Moles, medically known as nevi, are growths on the skin that are usually brown or black. They can appear anywhere on the body, alone or in groups. Moles occur when the cells in the skin grow in clusters instead of spreading evenly throughout the skin. These cells are what give skin its pigment, so moles appear darker than the skin. Many moles will darken over time, when exposed to the sun, and during pregnancy. Individuals with lighter skin tend to have more moles than those with darker skin, and most people with moles have between 10 and 40. Moles are generally harmless, but it is important to know that melanoma, the most serious form of skin cancer, can develop in or around a mole. Being aware of your moles is essential to catching signs of cancer early.
Types of Moles
There are several types of moles, and some carry greater risks of developing into melanoma than others.
Congenital moles are moles that a person is born with. About 1 in 100 people are born with one or more moles. These moles range in size, color, and shape. Congenial moles that are considered large or giant are larger than 20 centimeters and have been found to carry a greater risk of leading to melanoma.

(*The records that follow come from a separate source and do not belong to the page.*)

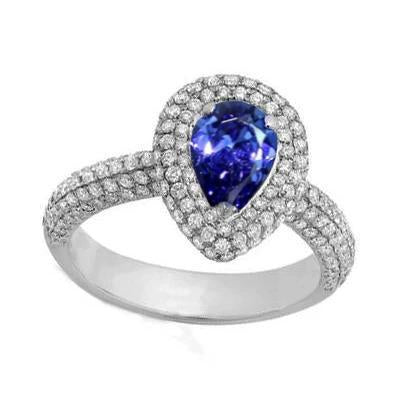 Anello in oro bianco 14k con diamante rotondo a pera centrale con zaffiro blu 2.30 carati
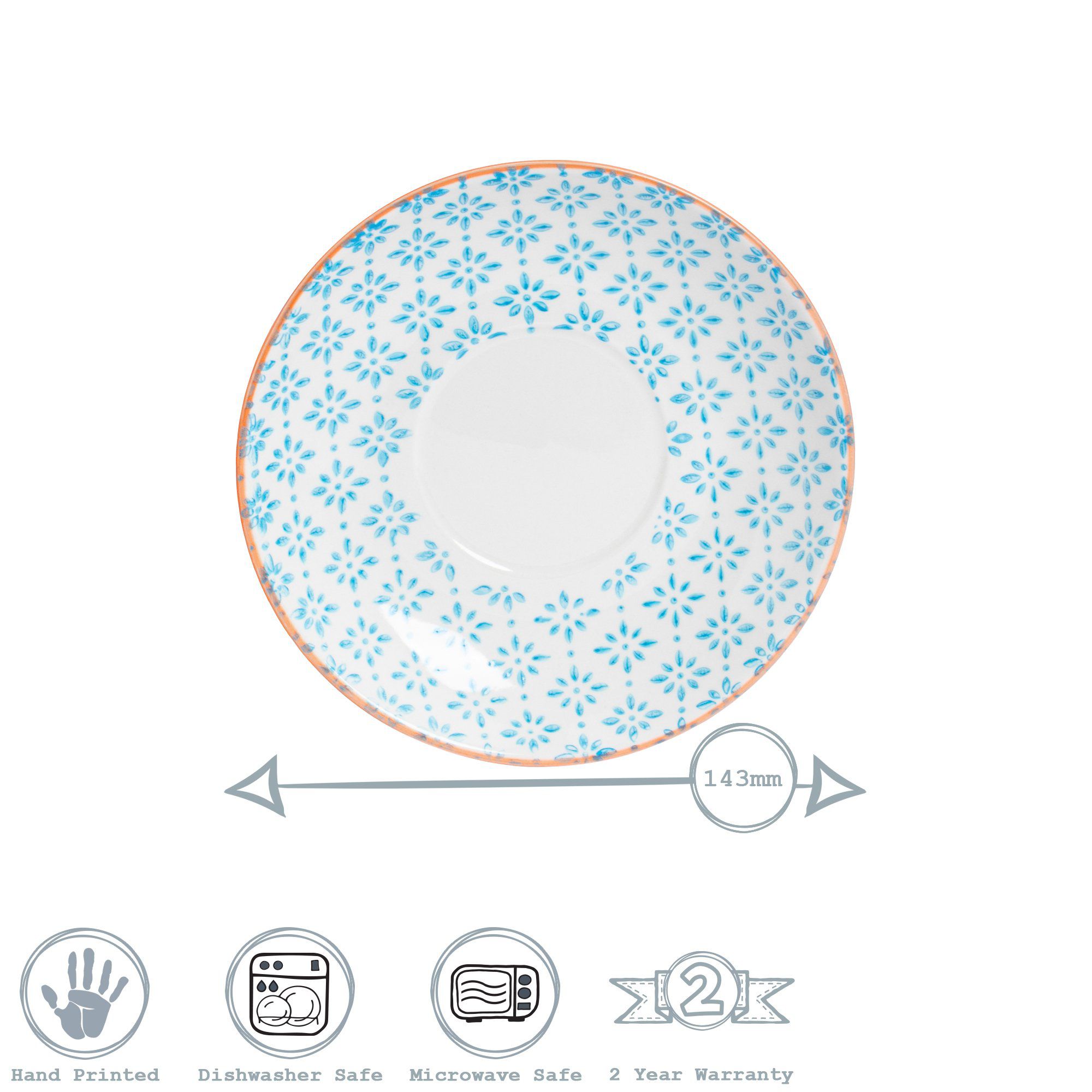 14.5cm Blue Hand Printed Stoneware Cappuccino Saucers - Pack of Six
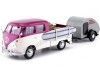 Cochesdemetal.es 1967 Volkswagen Type 2 (T1) Pickup "Set Semana en La Playa" Purple/Beige 1:24 Motor Max 79673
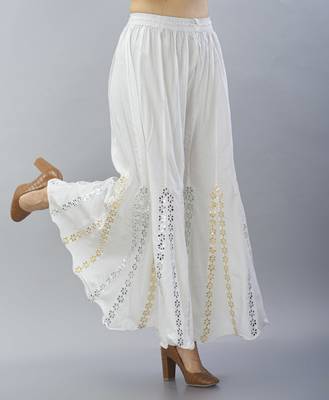White Rayon Gota Patti Work Palazzo Pants 1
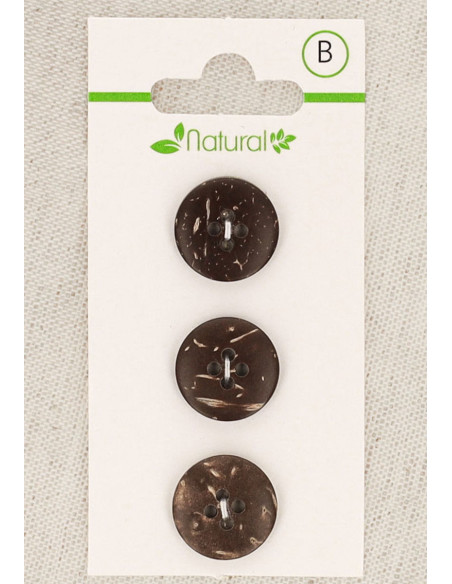 Dark wood 3-button card, 15 mm, 4 holes - Round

Known medically as dysplastic nevi, atypical moles are usually larger than average (more than ¼ inch), and irregular in shape. They may contain uneven colors, or colors not typical of moles. Atypical moles tend to run in families, and they carry the greatest risk of developing into melanoma.
An acquired mole is one that a person develops after birth. They are generally harmless, but people who acquire more than 50-100 moles are at greater risk for melanoma.
Superficial or Serious, We Offer Safe Mole Removal
If our oral and maxillofacial surgeon, Dr. Kevin Keen, tests a tissue sample and finds it to be cancerous, the entire mole and part of the tissue surrounding the mole will need to be removed. Or, if you would like a mole removed for cosmetic purposes, mole removal surgery is very common and usually painless. There are two ways to remove moles, and both can be performed right here in our office.
Dr. Keen most commonly removes moles for cosmetic surgery in one of two ways: one is Radiofrequency mole removal and the other is Carbon Dioxide laser removal. Both procedures require only a small amount of local anesthesia but neither require sutures. Patients are usually very satisfied with the results because little to no scarring exist and there is minimal discomfort both before and after the procedure.
Know Your ABCDEs
The best way to identify potential problems is to know the pattern and placement of your moles, and to examine them often. When monitoring your moles, remember the “ABCDE” method of self-examination. That is:
“A” stands for asymmetrical shape. Watch for moles with an asymmetrical shape, such as two very different-looking halves
“B” is for border. Look for moles with irregular, ragged, or blurred borders. This is one of the characteristics of melanoma.
“C” is for color. Look for moles that do not have the same color throughout, or contain shades of brown, black, blue, or white, or red.
“D” is for diameter. Watch for moles that are larger than the eraser of a pencil.
“E” is for evolution. Look for changes over time, such as a mole that grows or changes shape or color.
If you notice any of the above irregularities in your moles, you should contact Dr. Keen or your dermatologist right away. To further prevent moles from becoming cancerous, you should avoid the sun at peak hours, always wear sunscreen, and cover up moles with clothing when exposed to the sun.